Chapter 1.1, Problem 12P

Mixing Problems. Many physical systems can be cast in the form of a mixing tank problem. Consider a tank containing a solution—a mixture of solute and solvent–such as salt dissolved in water. Assume that the solution at concentration $c_i(t)$ flows into a tank at a volume flow rate $r_i(t)$ and is simultaneously pumped out at a volume flow rate $r_o(t)$. If the solution in the tank is well mixed, then the concentration of the outflow is $Q(t)/V(t)$, where $Q(t)$ is the amount of solute at time $t$ and $V(t)$ is the volume of solution in the tank. The differential equation that models the changing amount of solute in the tank is based on the principle of conservation of mass,

$\underset{\text{rate}\text{of}\text{change}\text{of}Q(t)}{\underset{︸}{\frac{dQ}{dt}}}=\underset{\text{rate}\text{in}}{\underset{︸}{c_i(t)r_i(t)}}-\underset{\text{rate}\text{out}}{\underset{︸}{\{Q(t)/V(t)\}{r}_0(t)}}$, (i)

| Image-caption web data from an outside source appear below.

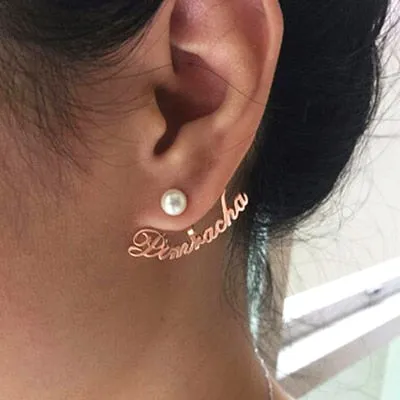 Sway Diamond Name earrings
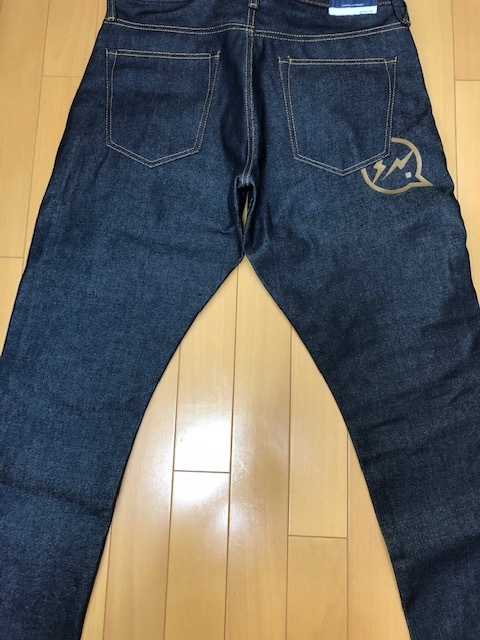 DENIM BY VANQUISH x fragment リジッドデニム size34(W34～)｜売買 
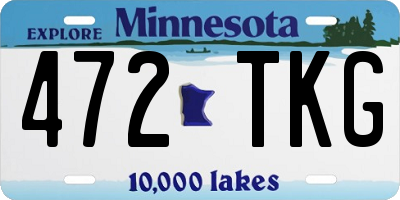 MN license plate 472TKG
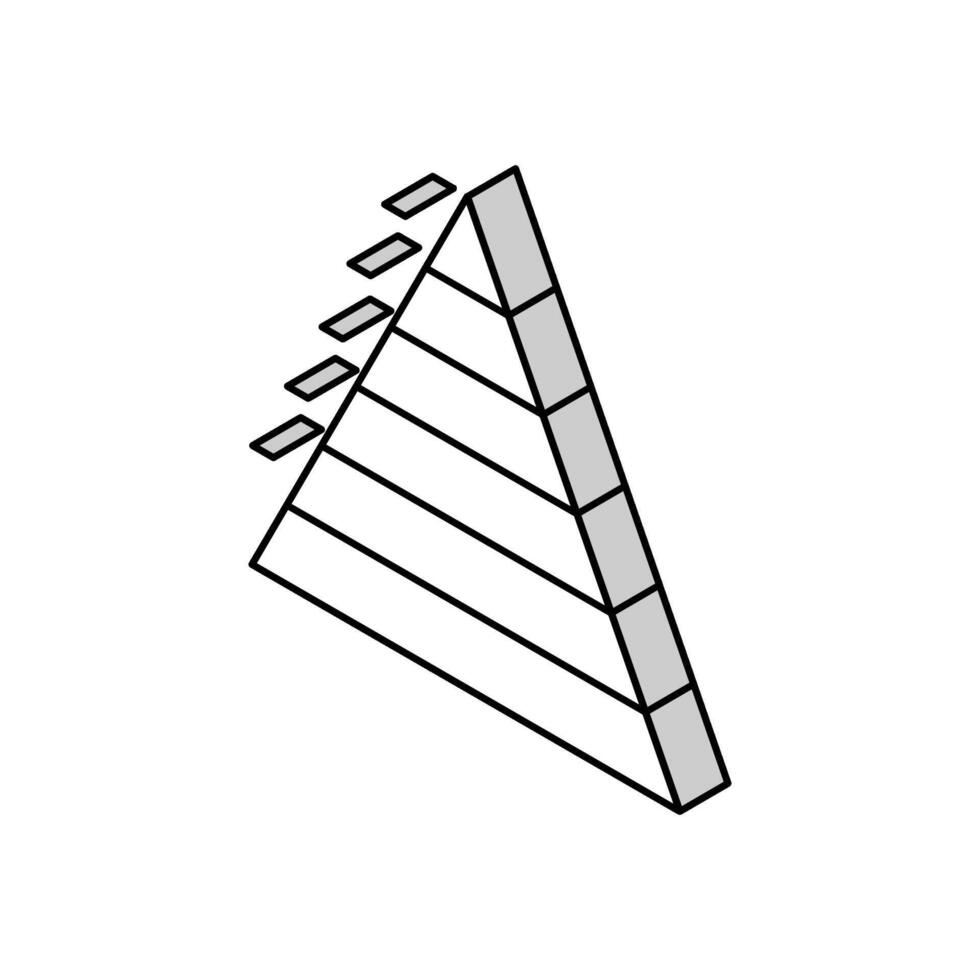 pyramid chart isometric icon vector illustration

where $V(t)$ also satisfies a mass conservation equation,

$\frac{dV}{dt}=r_i(t)-r_0(t).$ (ii)

If the tank initially contains an amount of solute $Q_0$ in a volume of solution, $V_0$, then initial conditions for Eqs. (i) and (ii) are $Q(0)=Q_0$ and $V(0)=V_0$, respectively.

A pond initially contains $1,000,000$ gal of water and an unknown amount of an undesirable chemical. Water containing $0.01$ g of this chemical per gallon flows into the pond at a rate of $300$ gal/h. The mixture flows out at the same rate, so the amount of water in the pond remains constant. Assume that the chemical is uniformly distributed throughout the pond.

Write a differential equation for the amount of chemical in the pond at any time.

How much of the chemical will be in the pond after avery long time? Does this limiting amount depend on theamount that was present initially?